[WHAT YOU NEED TO DO]: A verbatim copy of the data is wanted, minus any picture in it.

Segment Start: SUPPLIED RECORDS

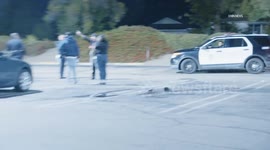 US, Los Angeles: Sherman Oaks Person Stabbed In Shopping Plaza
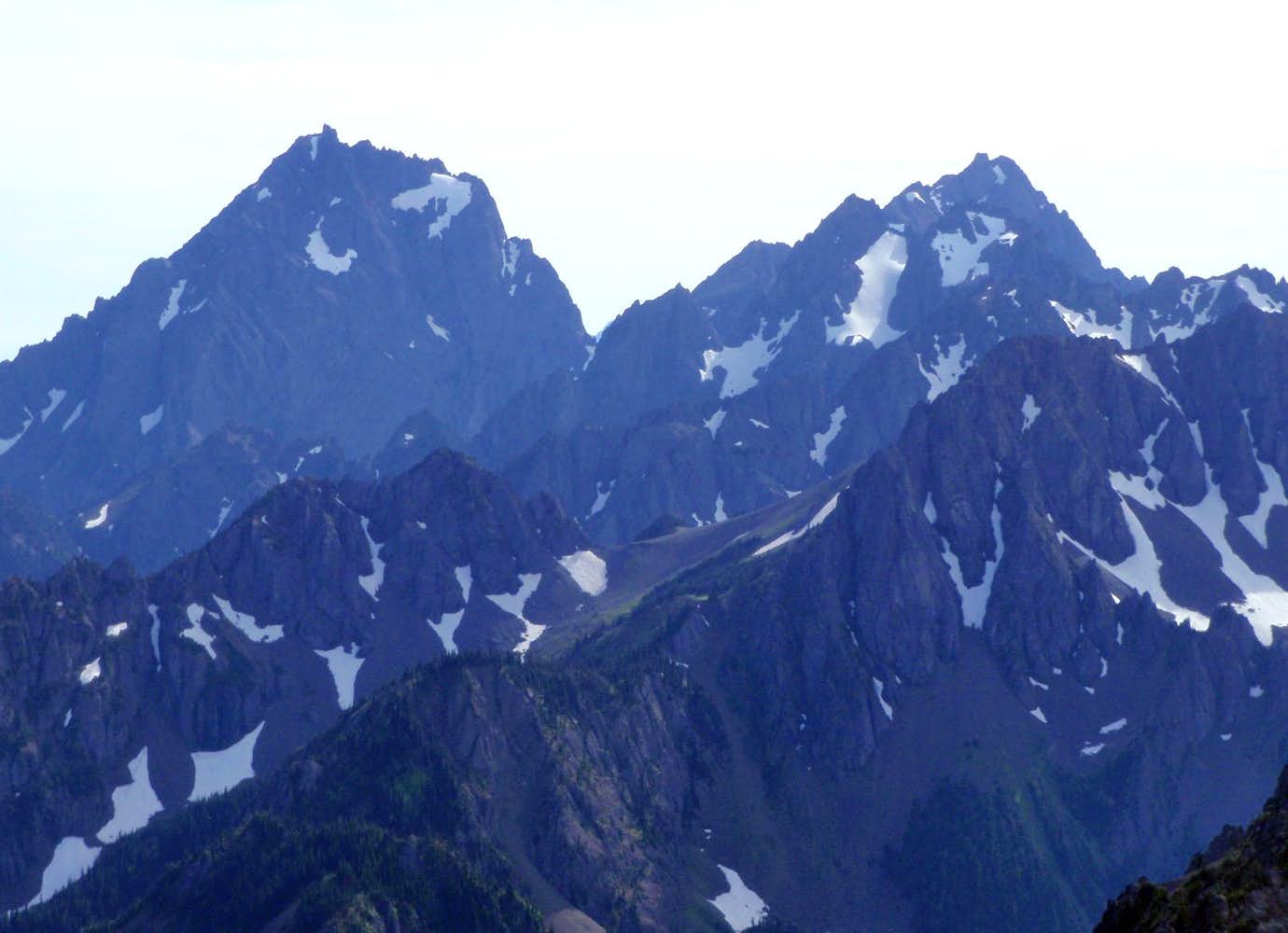 Mount Constance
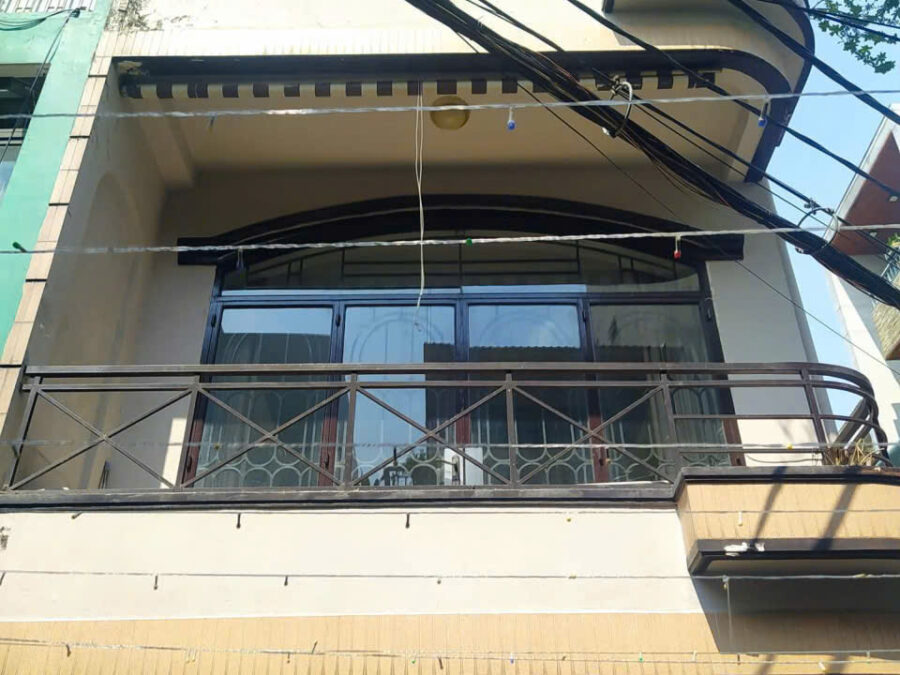 Nhà 3 tầng - XVNT, phường 26, Quận Bình Thạnh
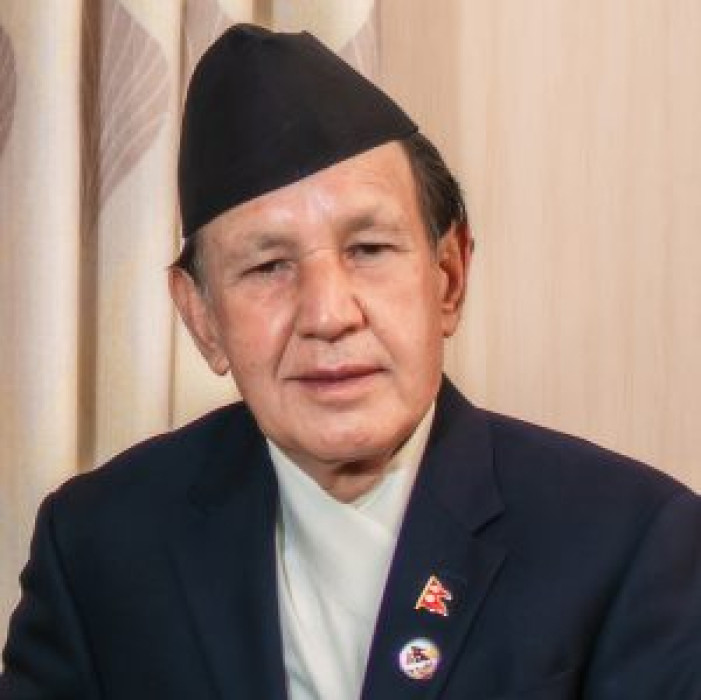नारायण खड्का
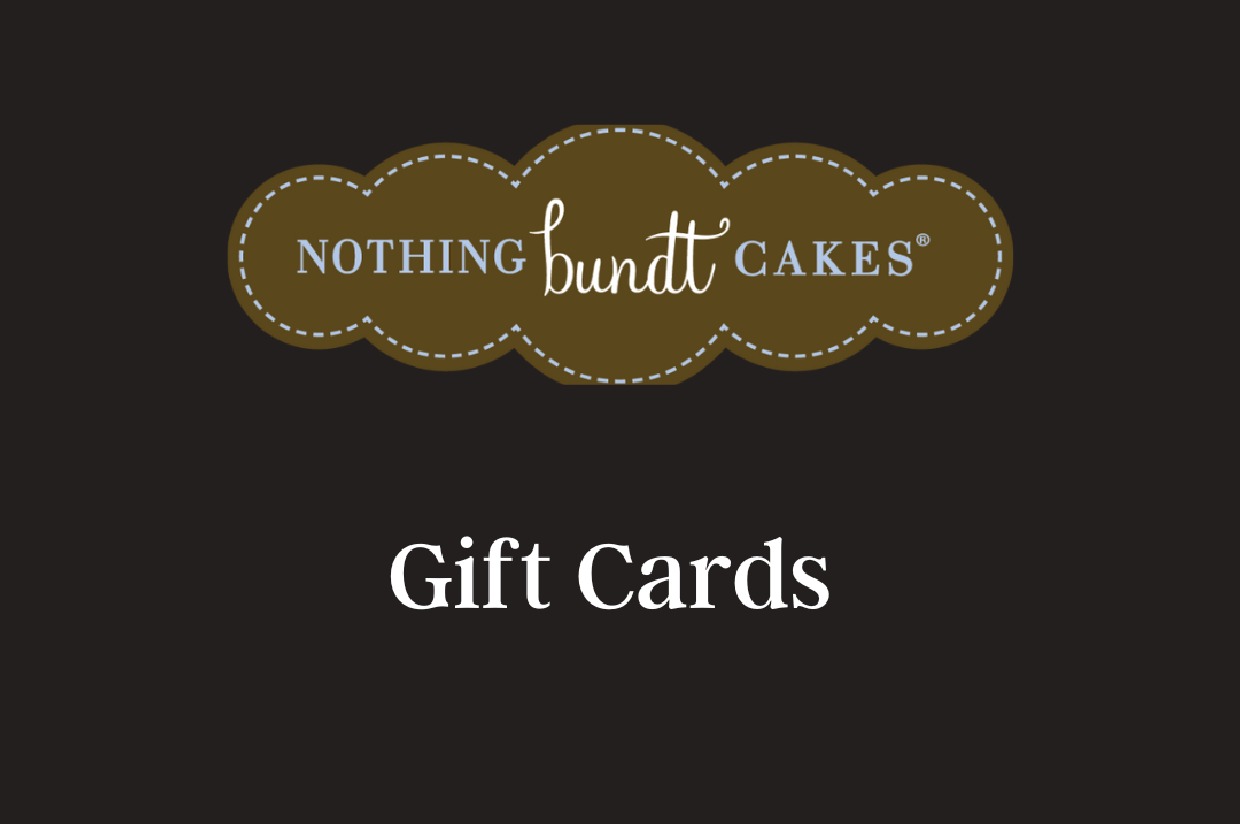 Nothing Bundt Cakes | Gift Card | Jack Shockley Peacemaker Open Silent  Auction | Jack Shockley Warriors For Peace | Betterworld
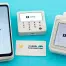 SumUp Terminal, Solo Lite en Solo, met Mobile Transaction-betaalkaart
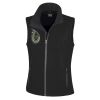Result Core Ladies Printable Soft Shell Bodywarmer Thumbnail
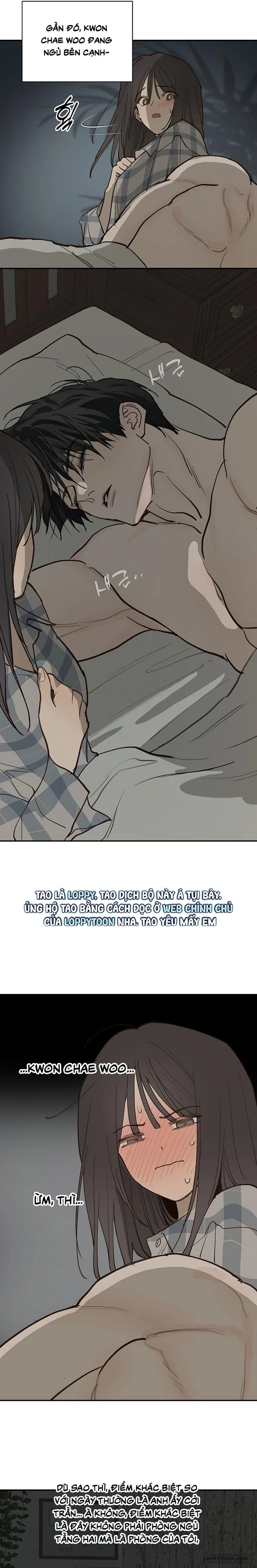 [KHÔNG CHE] Đóa Hoa Là Mồi Nhử Chap 51 - 🔞🔞🔞 - trang 15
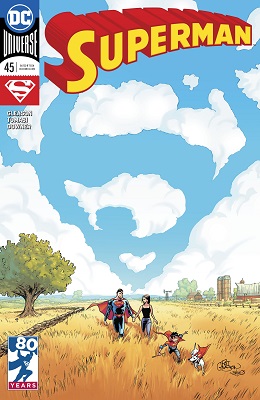 Superman no. 45 (2016 Series)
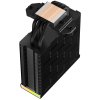 DEEPCOOL chladič AK400 Digital / 120mm fan / 4x heatpipes / PWM / pro Intel i AMD / komplet černý ( digitální display R-AK400-BKADMN-G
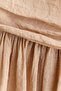 Gathered crêpe skirt - 7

Segment End: SUPPLIED RECORDS

[TASK SOLUTION]:
 US, Los Angeles: Sherman Oaks Person Stabbed In Shopping Plaza
 Mount Constance
 Nhà 3 tầng - XVNT, phường 26, Quận Bình Thạnh
नारायण खड्का
 Nothing Bundt Cakes | Gift Card | Jack Shockley Peacemaker Open Silent  Auction | Jack Shockley Warriors For Peace | Betterworld
 SumUp Terminal, Solo Lite en Solo, met Mobile Transaction-betaalkaart
Result Core Ladies Printable Soft Shell Bodywarmer Thumbnail
 [KHÔNG CHE] Đóa Hoa Là Mồi Nhử Chap 51 - 🔞🔞🔞 - trang 15
 Superman no. 45 (2016 Series)
 DEEPCOOL chladič AK400 Digital / 120mm fan / 4x heatpipes / PWM / pro Intel i AMD / komplet černý ( digitální display R-AK400-BKADMN-G
 Gathered crêpe skirt - 7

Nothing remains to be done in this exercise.